- _TASK GOAL_:
Repeat only the lines running from the beginning of the material through the line that contains "Hermes Kelly Sellier".

★ ★ ★

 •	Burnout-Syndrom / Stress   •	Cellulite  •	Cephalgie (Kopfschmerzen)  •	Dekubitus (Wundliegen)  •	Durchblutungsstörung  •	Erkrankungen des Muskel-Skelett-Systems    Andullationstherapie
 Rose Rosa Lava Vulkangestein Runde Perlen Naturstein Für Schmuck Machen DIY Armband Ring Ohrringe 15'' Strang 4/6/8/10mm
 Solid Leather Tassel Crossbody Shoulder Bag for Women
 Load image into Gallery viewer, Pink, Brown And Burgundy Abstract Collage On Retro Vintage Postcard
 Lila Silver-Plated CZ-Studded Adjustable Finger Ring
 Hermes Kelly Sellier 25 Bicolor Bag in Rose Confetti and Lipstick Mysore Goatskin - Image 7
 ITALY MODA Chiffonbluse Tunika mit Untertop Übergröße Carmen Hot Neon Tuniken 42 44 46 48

★ ★ ★

- _RESULT FOR THIS TASK_:
 •	Burnout-Syndrom / Stress   •	Cellulite  •	Cephalgie (Kopfschmerzen)  •	Dekubitus (Wundliegen)  •	Durchblutungsstörung  •	Erkrankungen des Muskel-Skelett-Systems    Andullationstherapie
 Rose Rosa Lava Vulkangestein Runde Perlen Naturstein Für Schmuck Machen DIY Armband Ring Ohrringe 15'' Strang 4/6/8/10mm
 Solid Leather Tassel Crossbody Shoulder Bag for Women
 Load image into Gallery viewer, Pink, Brown And Burgundy Abstract Collage On Retro Vintage Postcard
 Lila Silver-Plated CZ-Studded Adjustable Finger Ring
 Hermes Kelly Sellier 25 Bicolor Bag in Rose Confetti and Lipstick Mysore Goatskin - Image 7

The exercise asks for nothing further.